Five of the people who fled were dependents of U.S. Embassy personnel in Brazzaville, State Department spokesman Christopher Bush said in Washington.

``When we took off there were shots being fired at the plane,″ said Kevin McCabe, director of the Pennsylvania-based Christian Missionary Alliance. He said U.S. officials had hoped to assist more people to leave Saturday but were blocked by unsafe streets and a dusk-to-dawn curfew.

Bush said U.S. officials helped Americans get to airports for the five-minute flight across the Congo River to Kinshasha, but that the assistance was not part of any formal evacuation.

The French Defense Ministry said one French soldier was killed Saturday night in Brazzaville during a clash with ``uncontrolled elements.″ One Congolese officer was also killed, according to the ministry.

Late Saturday, the State Department urged U.S. citizens to defer travel to Republic of Congo ``due to the deteriorating security situation.″

Violence erupted in the riverside capital when government troops, fearing attempts to disrupt next month’s presidential elections, attempted to disarm members of a 5,000-strong militia loyal to former leader Gen. Denis Sassou-Nguesso.

The current president, Pascal Lissouba, ended Sassou-Nguesso’s 13-year dictatorship in 1992.

McCabe said the situation had been relatively calm Friday but deteriorated overnight.

``There was no warning any of this would happen,″ he said. ``Shops were closed, businesses were closed, everything is closed. There is no news given on the radio. Telephone lines have been cut.″

Another missionary, Stan Hotalen, said heavy artillery and mortar fire could be heard during the night and that the houses of some foreigners were looted.

Attempts to contact U.S. officials in Brazzaville were unsuccessful.

U.S. Embassy officials in Kinshasa met the evacuees at the airport, where they arrived in private planes after the five-minute flight.

McCabe said he and the other evacuees were escorted to the airport in Brazzaville by Congolese soldiers after the U.S. Embassy contacted Americans in the afternoon.

As many as 150 U.S. citizens live in Brazzaville, which ironically, was the staging area for preparations in April and May to evacuate Americans and other foreigners from what was then Zaire _ and is now Congo _ had it become necessary.

Hundreds of American, French, Belgian, British and Portuguese soldiers were deployed in Brazzaville and were prepared to pluck foreign nationals from Kinshasha if fighting broke out.

But Laurent Kabila’s rebel army took the city with relative ease May 17, driving out Mobutu Sese Seko’s government. Foreign troops began leaving Brazzaville shortly afterward.

About 2,500 French live in Brazzaville, but the French government said it had no plans to evacuate them. They have been advised since Friday, however, to remain indoors.

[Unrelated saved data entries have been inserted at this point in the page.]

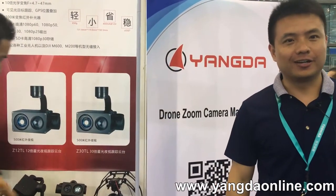Hi guys, it's Gary from Yandere's Creek. Now I'm on the Shenzhen UAP show.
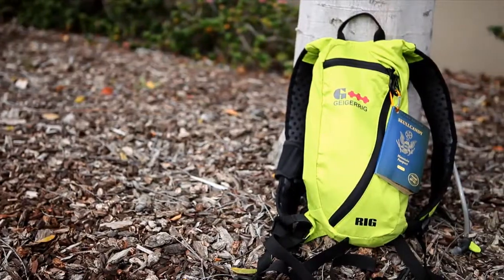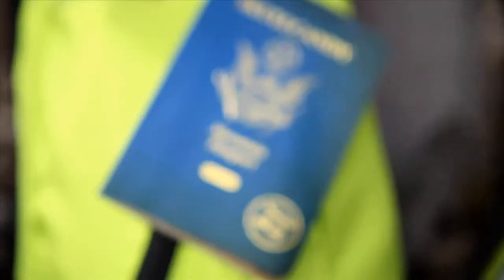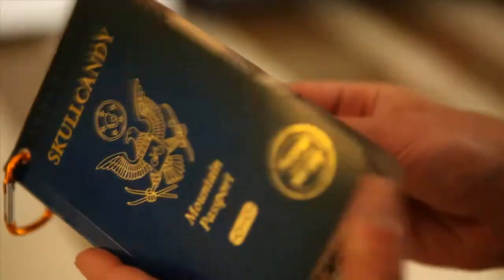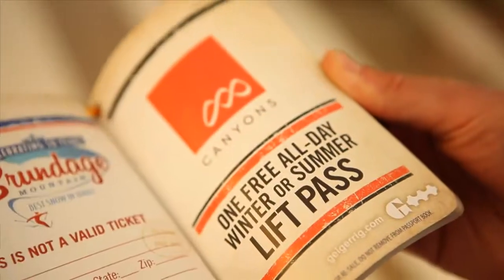And to make sure you have an opportunity to use your new Rig, GeigerRig is offering GearBuzz customers their 2012 Adventure Passport, chock full of thousands of dollars worth of free lift tickets and year-round access to some of the best ski mountains, trails, and resorts across the country.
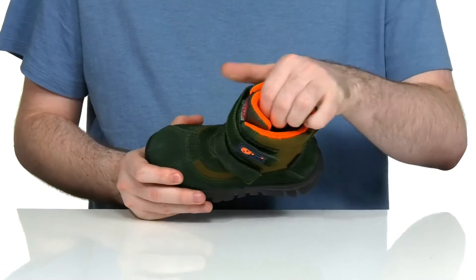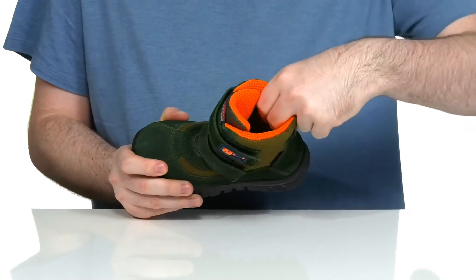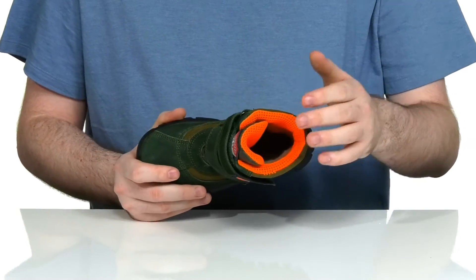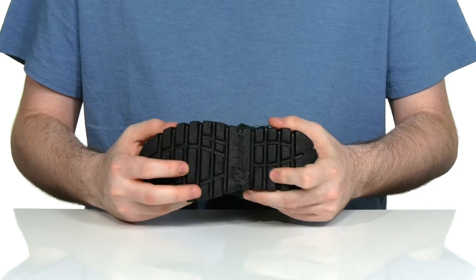The inside lining is a very padded mesh on the collar to keep it comfortable and breathable while staying supportive. Using a plush faux fur lining underneath to add lots of cozy warmth. There is a comfortable foam footbed in the bottom, and it sits on top of a reliable synthetic outsole that has lots of grip and flex.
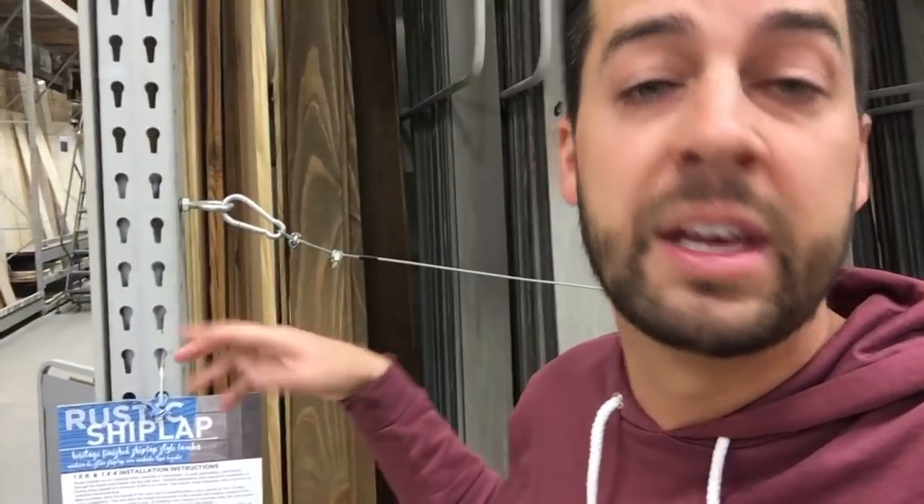This is our rustic shiplap. You will love this. Chip and Joanna — it's perfect. They're Christian. We love them. This is very popular in the South, especially amongst our female demographic.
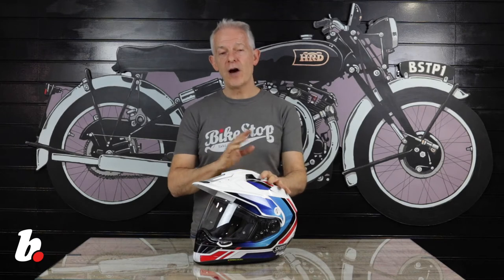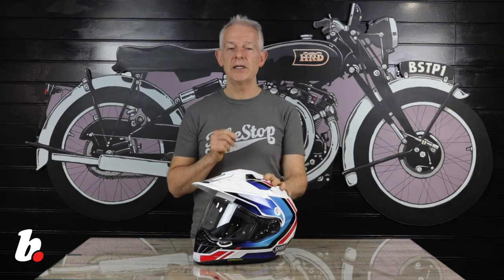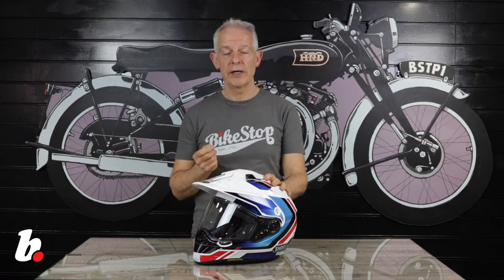So, safety first. It has a fiberglass shell — specifically the Shoei AIM Plus shell, which stands for Advanced Integrated Matrix, with six layers of fiberglass. It also features a multi-density expanded porous styling liner for impact absorption.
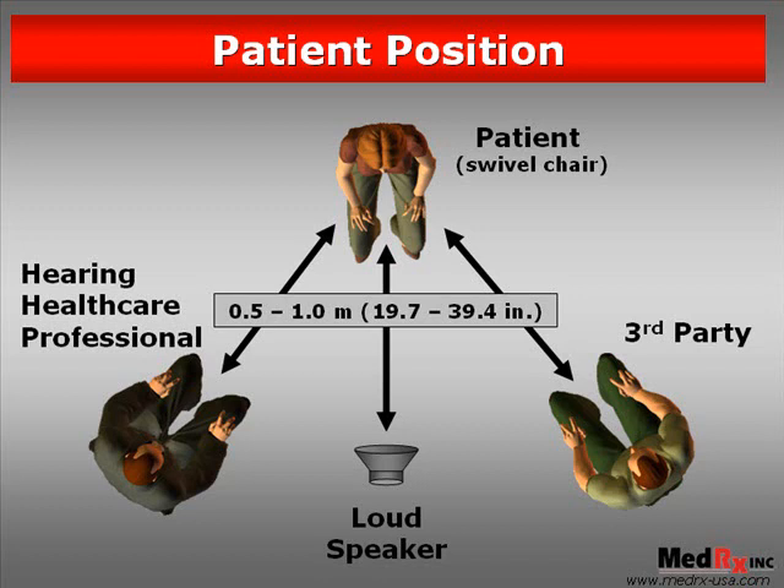In addition to making sure that the distance between the sound source and the patient is the same, it's important that we have the elevation of the patient's hearing instruments to the sound source controlled as well. This next picture will show the ideal position for the patient relative to the height or elevation of that sound source.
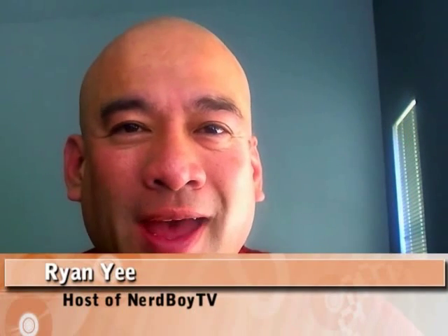Hey everyone, it's Ryan Yee of Nerd Boy TV and welcome back to our show. I just wanted to share something that happened with me over the weekend, in case you have one of those old computers at home and you're wondering — should you donate it, junk it, what should you do? Now that everything is supposedly moving toward the cloud, you should be able to salvage that dual-core processor computer if you follow some simple steps. My daughter has a new laptop, so she doesn't need her old Acer Aspire T180 computer.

The Republic of Congo gained independence from France in 1960 and has been plagued by political and ethnic unrest since the early 1970s.

The government last week imposed a 7 p.m. to 6 a.m. curfew because of the latest fighting, which has killed at least one soldier and wounded several people.

Meanwhile, in Paris, the aid agency Doctors Without Borders said neither food nor medicine had reached about 10,000 refugees in Bilolo, about 20 miles outside Brazzaville, since Thursday because of unrest.

Doctors Without Borders and the Congolese Red Cross are the only agencies serving the Bilolo refugees, who crossed the river to escape fighting when Kabila’s forces seized the region.